• Problem to work on:
Without including any pictures, write out the listing below exactly.

• Data section:
-----

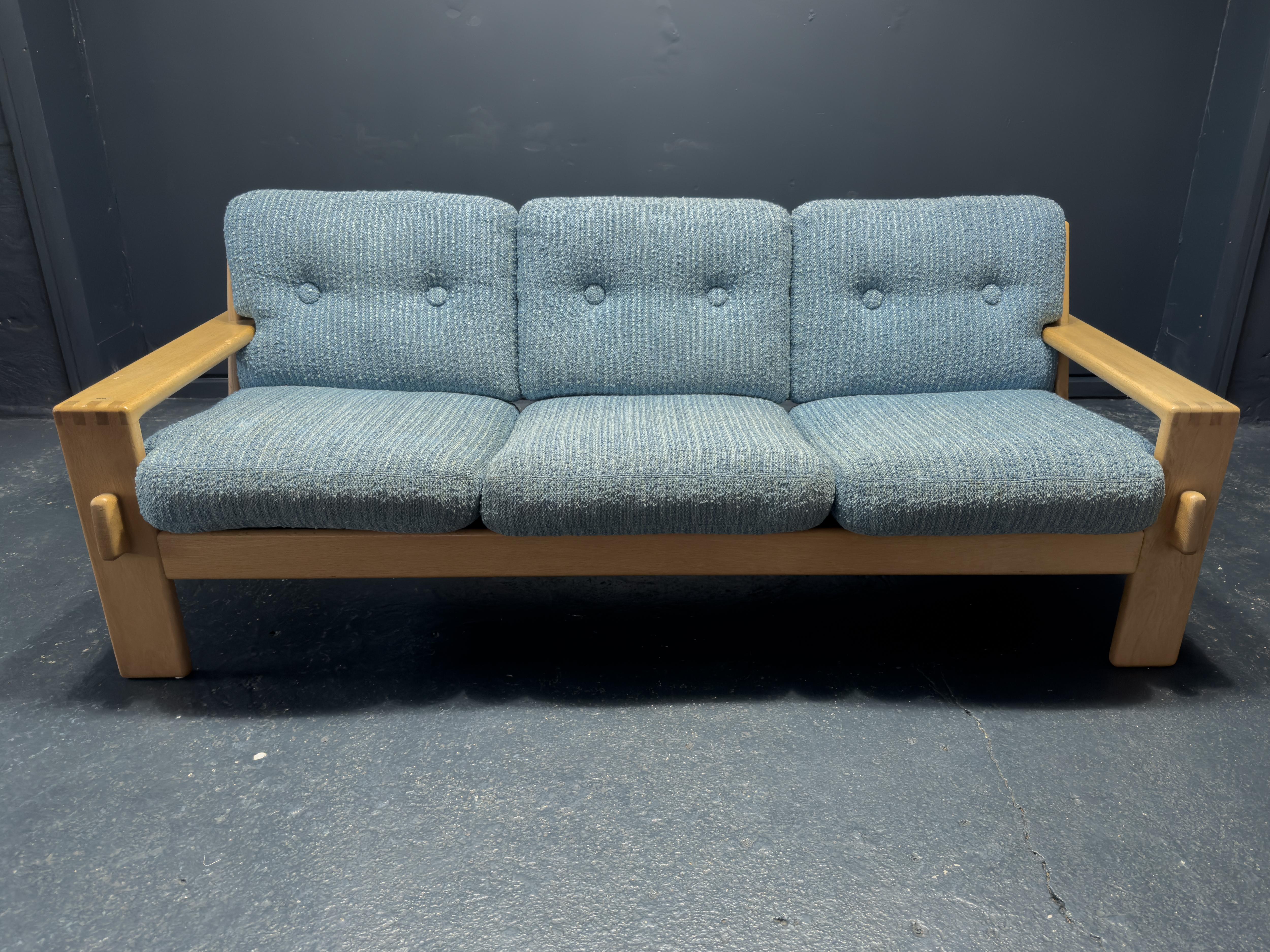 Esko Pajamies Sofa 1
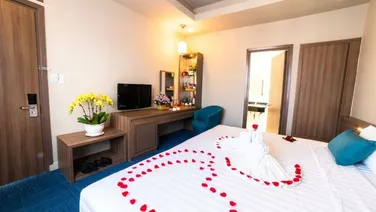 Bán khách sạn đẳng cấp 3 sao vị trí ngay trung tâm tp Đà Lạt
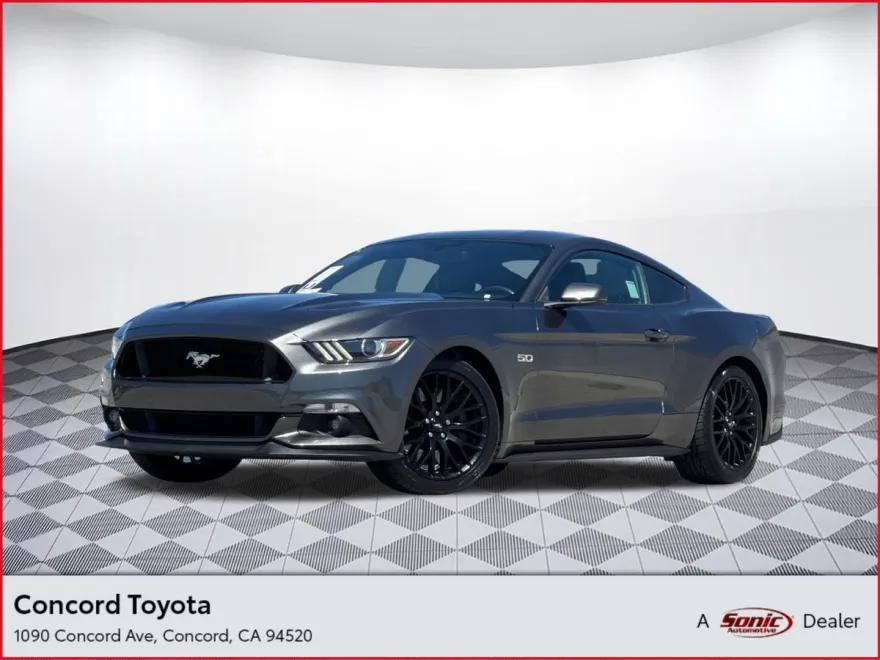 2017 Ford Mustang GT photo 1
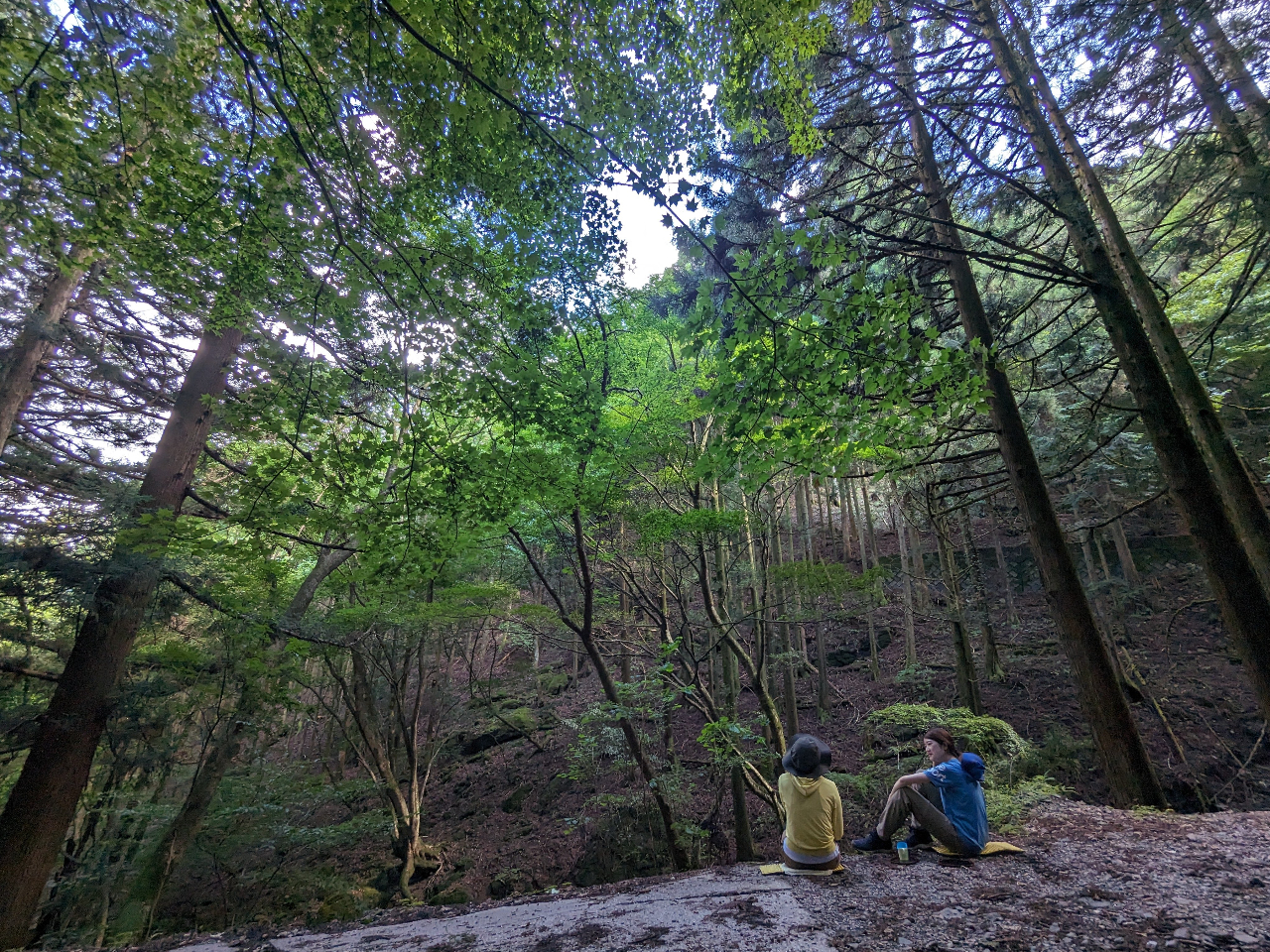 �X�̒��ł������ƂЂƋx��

-----

• Exercise response:
 Esko Pajamies Sofa 1
 Bán khách sạn đẳng cấp 3 sao vị trí ngay trung tâm tp Đà Lạt
 2017 Ford Mustang GT photo 1
 �X�̒��ł������ƂЂƋx��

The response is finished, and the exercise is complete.